DPDK patches and discussions
 help / color / mirror / Atom feed
From: Yongseok Koh <yskoh@mellanox.com>
To: Andrew Rybchenko <arybchenko@solarflare.com>
Cc: wenzhuo.lu@intel.com, jingjing.wu@intel.com,
	olivier.matz@6wind.com, dev@dpdk.org,
	konstantin.ananyev@intel.com, stephen@networkplumber.org,
	thomas@monjalon.net, adrien.mazarguil@6wind.com,
	nelio.laranjeiro@6wind.com
Subject: Re: [dpdk-dev] [PATCH v6 1/2] mbuf: support attaching external buffer to mbuf
Date: Thu, 26 Apr 2018 10:18:14 -0700	[thread overview]
Message-ID: <20180426171813.GA8437@yongseok-MBP.local> (raw)
In-Reply-To: <1a65f081-4c92-78d5-b00c-08e66fdef5c8@solarflare.com>

On Thu, Apr 26, 2018 at 07:05:01PM +0300, Andrew Rybchenko wrote:
> On 04/26/2018 04:10 AM, Yongseok Koh wrote:
> > This patch introduces a new way of attaching an external buffer to a mbuf.
> > 
> > Attaching an external buffer is quite similar to mbuf indirection in
> > replacing buffer addresses and length of a mbuf, but a few differences:
> >    - When an indirect mbuf is attached, refcnt of the direct mbuf would be
> >      2 as long as the direct mbuf itself isn't freed after the attachment.
> >      In such cases, the buffer area of a direct mbuf must be read-only. But
> >      external buffer has its own refcnt and it starts from 1. Unless
> >      multiple mbufs are attached to a mbuf having an external buffer, the
> >      external buffer is writable.
> >    - There's no need to allocate buffer from a mempool. Any buffer can be
> >      attached with appropriate free callback.
> >    - Smaller metadata is required to maintain shared data such as refcnt.
> 
> I'm still unsure how reference counters for external buffer work.
> 
> Let's consider the following example:
> 
>                         |<-mbuf1 buf_len-->|<-mbuf2 buf_len-->|
> +--+-----------+----+--------------+----+--------------+---+- - -
> |  global      |head|mbuf1 data    |head|mbuf2 data    | |
> |  shinfo=2    |room| |room|              |   |
> +--+-----------+----+--------------+----+--------------+---+- - -
>                ^ ^
> +----------+   |      +----------+ |
> | mbuf1    +---+      | mbuf2    +-+
> | refcnt=1 |          | refcnt=1 |
> +----------+          +----------+
> 
> I.e. we have big buffer which is sliced into many small data
> buffers referenced from mbufs.
> 
> shinfo reference counter is used to control when big buffer
> may be freed. But what controls sharing of each block?
> 
> headroom and following mbuf data (buf_len) is owned by
> corresponding mbuf and the mbuf owner can do everything
> with the space (prepend data, append data, modify etc).
> I.e. it is read-write in above terminology.
> 
> What should happen if mbuf1 is cloned? Right now it will result
> in a new mbuf1a with reference counter 1 and incremented shinfo
> reference counter. And what does say that corresponding area
> is read-only now? It looks like nothing.
> 
> As I understand it should be solved using per data area shinfo
> which free callback decrements big buffer reference counter.

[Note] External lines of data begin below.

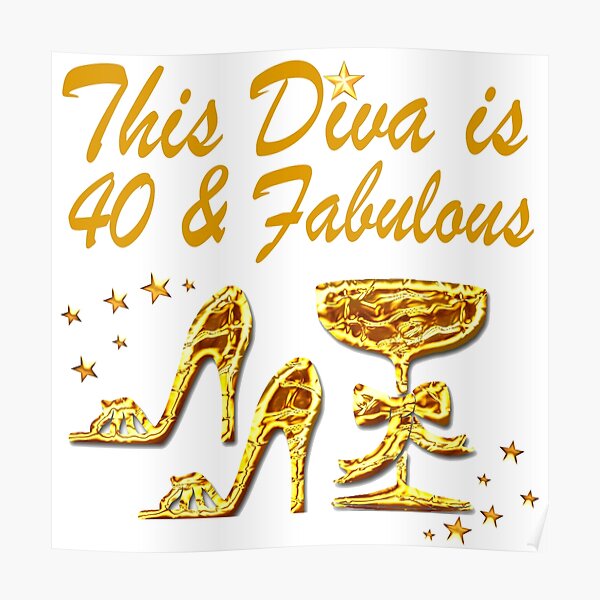 40th Birthday Queen Posters Redbubble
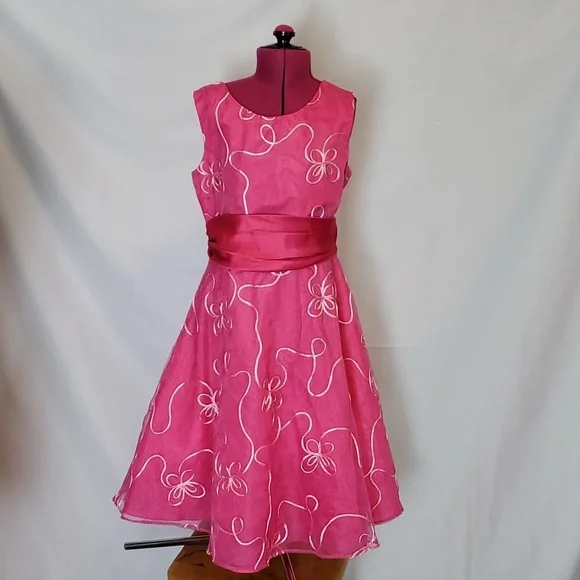 Rare Editions | Dresses | Rare Editions 6 Hot Pink Sleeveless Party Dress |  Poshmark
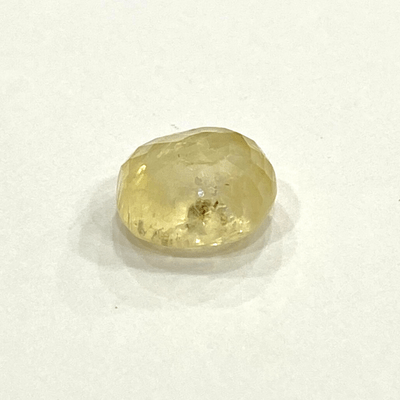 Yellow Sapphire (Pukhraj - 6.95 cts) - Ceylonese - Himalaya Rudraksha Anusandhan Kendra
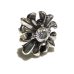 Photo2: 1/48 Short Grooved Cross With Diamond Pierce (Large Stone) (2)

I have to admit that I was confused at the moment and I mixed two different
use-cases.

1) Transmitting a large storage block.

                |<--mbuf1 buf_len-->|<--mbuf2 buf_len-->|
 +--+-----------+----+--------------+----+--------------+---+- - -
 |  global      |head|mbuf1 data    |head|mbuf2 data    |   |
 |  shinfo=2    |room|              |room|              |   |
 +--+-----------+----+--------------+----+--------------+---+- - -
                ^                   ^
 +----------+   |      +----------+ |
 | mbuf1    +---+      | mbuf2    +-+
 | refcnt=1 |          | refcnt=1 |
 +----------+          +----------+
       ^                     ^
       |next                 |next
 +-----+----+          +----------+ 
 | mbuf1_hdr|          | mbuf2_hdr|
 | refcnt=1 |          | refcnt=1 |
 +----------+          +----------+

Yes, in this case, the large external buffer should always be read-only. And
necessary network headers should be linked via m->next. Owners of m1 or m2
can't alter any bit in the external buffer because shinfo->refcnt > 1.

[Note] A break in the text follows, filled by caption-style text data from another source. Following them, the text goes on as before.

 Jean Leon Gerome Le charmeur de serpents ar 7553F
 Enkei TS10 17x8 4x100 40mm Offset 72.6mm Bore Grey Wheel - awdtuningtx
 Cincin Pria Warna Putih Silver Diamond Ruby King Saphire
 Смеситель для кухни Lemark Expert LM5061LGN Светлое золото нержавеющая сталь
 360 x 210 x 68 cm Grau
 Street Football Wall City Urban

2) Slicing a large buffer and provide r-w buffers.

                |<--mbuf1 buf_len-->|      |<--mbuf2 buf_len-->|
 +--+-----------+----+--------------+------+----+--------------+------+----+- - -
 |  user data   |head|mbuf1 data    |shinfo|head|mbuf2 data    |shinfo|    |
 |  refc=2      |room|              |refc=1|room|              |refc=1|    |
 +--+-----------+----+--------------+------+----+--------------+------+----+- - -
                ^                          ^
 +----------+   |             +----------+ |
 | mbuf1    +---+             | mbuf2    +-+
 | refcnt=1 |                 | refcnt=1 |
 +----------+                 +----------+
 
Here, the user data for the large chunk isn't rte_mbuf_ext_shared_info but a
custom structure managed by user in order to free the whole chunk. free_cb would
decrement a custom refcnt in custom way. But librte_mbuf doesn't need to be
aware of it.  It is user's responsibility. The library is just responsible for
calling free_cb when shinfo->refcnt gets to zero.

> So, we have two reference counters per each mbuf with external
> buffer (plus reference counter per big buffer).
> Two reference counters sounds too much and it looks like
> mbuf-with-extbuf reference counter is not really used
> (since on clone/attach update shinfo refcnt).
> It is still two counters to check on free.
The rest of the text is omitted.